In Beyond The Music, Ellen Daniels is stuck in Canada, far from her high school friends and her boyfriend, Ned, in Indiana. Not only is she far from home but she is living in an industrial area with no friends, no money , and only her parents for company. Ellen dreams of going back to Indiana, of marrying Ned, and of a home, children, and a “normal” life.
Then two major events happen: Ned breaks up with her and Jack, with his intense blue eyes, enters her life. Smitten with Jack, Ellen has a choice to make. Should she cast her lot with the mysterious Jack or try to recapture her dream of normality?
Theme of the Book
This is a romance that teaches a lesson. Sometimes the things we dream of, that we are sure we want, are not really the things that will make us happy.

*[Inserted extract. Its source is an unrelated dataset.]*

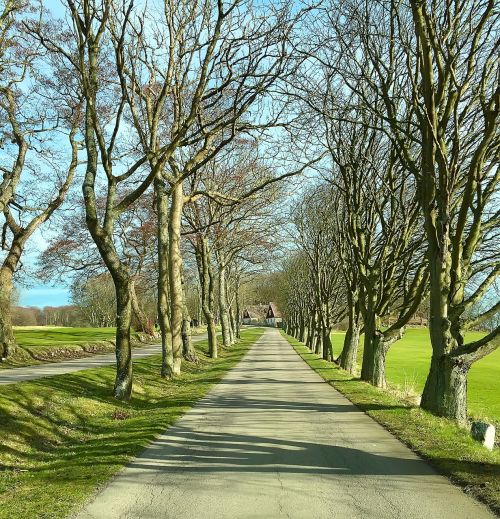 trees landscape road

What I Liked About the Story
In Beyond The Music, Ellen’s story takes place in 1966, the heyday of the counterculture in both the US and Canada. Ellen is surrounded by hippies and by draft resistors protesting the war in Viet Nam. She is also living with some of the best of 20th century popular music. Ms. Brown takes full advantage of the setting and has filled her novel with references to classic rock music from the Beatles to the Rolling Stones, Elvis, and Bob Dylan, and to the enthusiasm with which the groups were followed by their adoring fans. This is a perfect way to evoke the atmosphere of the 1960s. Ms. Brown also paints a picture of “normal” life: of those young people who are uninterested in politics or revolution and who are still dreaming the dreams of the 1950s, albeit with color television and dishwashers. These are the young people who got lost in the media coverage of hippy culture and anti-war protests.
Ellen is definitely a dreamer. Not only does she dream of a perfect future with Ned, but also has room in her lively imagination for convoluted theories about Jack. Is he an escaped convict? Did he murder his uncle? Ellen isn’t very good at the practicalities of life. She isn’t able to make friends but does manage to flirt. She can’t manage to pay for college, but never looks for a job. In one scene, Ellen eats some brownies laced with hashish and only seems more like herself. Her fears for the future are heightened but are always there.
Jack is the mystery man: attractive, attentive, yet secretive. The reader will figure out Jack’s real identity without trouble, but Ellen seems oblivious.
The secondary characters in Beyond The Music are quite believable. Ellen’s father isn’t much of a businessman and her mother is long-suffering but faithful. They obviously love and worry about Ellen though they can’t give her the financial support she needs. Her girlfriends are very typical of the time and the reader can watch them change as they move from high school to university. Ned is a real bore and obviously won’t be able to hold a candle to Jack.
What I Didn’t Like About the Story
I enjoyed Beyond The Music but would have like it more had the author bothered to check the final product for language mistakes. There are shifts in verb tense from past to present in the same paragraph and seemingly without reason. The misuse of commas and semicolons is rife throughout the story. There are places where words are left out, or added, or repeated as if the author couldn’t quite decide which word she wanted. To me, this throws a shadow over the whole book. An author who expects readers to pay for a book should at least have the manuscript checked. This lackadaisical approach to writing damages the reputation of all independent authors.
Beyond The Music is a fairly typical romance but set in a very interesting time. The story is entertaining and once the manuscript has been through the hands of a competent proof-reader, it should please fans of romance.